5. Итак, церковь оплакивает своего возлюбленного сына и «слезы ее на ланитах ее»[18]. Но послушай, какие ланиты: «Ударившему тебя по щеке подставь и другую»[19], ибо она так терпелива к страданиям, что тот, кто их причиняет, раскаивается. По одной щеке ты получила удар, церковь, когда потеряла Грациана; ты подставила и другую, когда тебя лишили Валентиниана. По справедливости, слезы у тебя не на одной, а на обеих щеках, так как ты благочестиво оплакиваешь обоих. Итак, ты плачешь, церковь, и ланиты твои утопают в слезах, как бы в неких потоках благочестия. Каковы же у церкви эти ланиты, о которых в другом месте говорит Писание: «Как половинки гранатового яблока — ланиты твои»[20]. Ланиты эти сияют скромностью и красотой, что означает либо цветущую юность, либо совершенную зрелость. Поэтому в смерти верных императоров есть некий упрек церкви: столь безвременная смерть благочестивых правителей омрачает ее красоту.
[ХАРАКТЕРИСТИКА ВАЛЕНТИНИАНА II]
13. В самом деле, великий подвиг — либо вообще воздержаться от пороков юности, либо оставить их у самого порога юности и обратиться к серьезным вещам; ибо запутаны и полны соблазнов дороги юности. И, наконец, Соломон говорит: «Три вещи непостижимы для меня, и четырех я не понимаю: пути орла на небе, пути змея на скале, пути корабля среди моря и пути мужчины к девице»[21]. Давид же говорит: «Грехов юности моей и преступлений моих не вспоминай»[22]. Потому что юноша впадает в грех не только из-за свойственной молодости неустойчивости характера, но и из-за незнания небесных предначертаний; однако тот, кто грешит по неведению, быстро получает прощение. Поэтому пророк и говорит: «Грехов юности моей и преступлений моих не вспоминай»[23]. Он не говорит: «Грехов старости моей и мудрости моей не вспоминай», но как пророк, который быстро исправил грехи своей юности, сославшись на возраст и незнание, так и Валентиниан говорил о грехе подобное пророку: «Грехи юности и неведения моего не вспоминай». Он не только говорил, но и исправлял свои ошибки прежде, чем узнавал, что впал в грех. Поэтому он говорит: «Исправления ошибок юности моей не вспоминай». Ошибаются многие, но не многие исправляются.
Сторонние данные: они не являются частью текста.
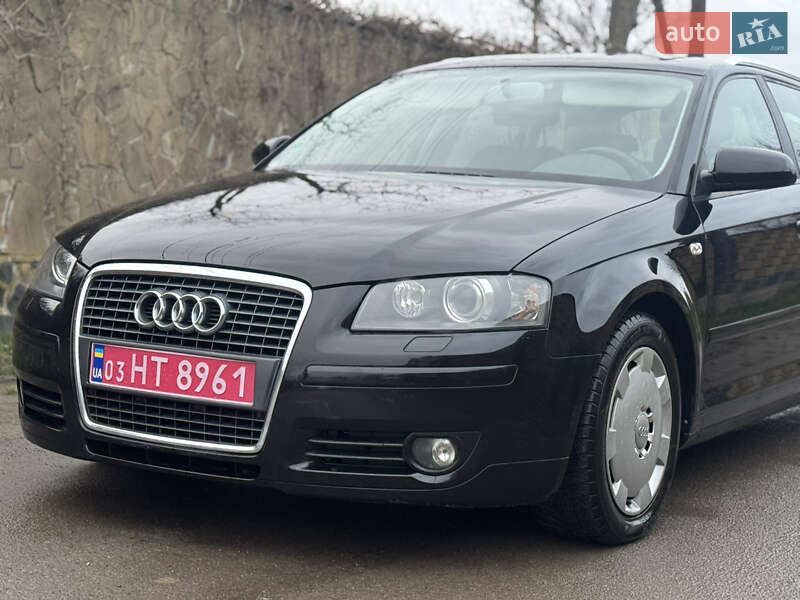 Хэтчбек Audi A3 2006 в Луцке фото 5 Хэтчбек Audi A3 2006 в Луцке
15. Что мне сказать о других его поступках, если он считал, что следует воздерживаться даже от детских игр, что нужно сдерживать свойственное молодому возрасту своеволие, что должно смягчать строгость общественного наказания и быть снисходительным к старикам, когда их обвиняют в каком-либо преступлении. Вначале говорили, что ему нравятся зрелища в цирке; но он отступился от них настолько, что считал необязательным устраивать их даже в дни рождения вельмож, хотя бы это и делалось в честь императора. Некоторые говорили, что он увлекается охотой и тем самым отвлекает свой ум от общественных дел; но на это он незамедлительно приказал перебить всех своих зверей.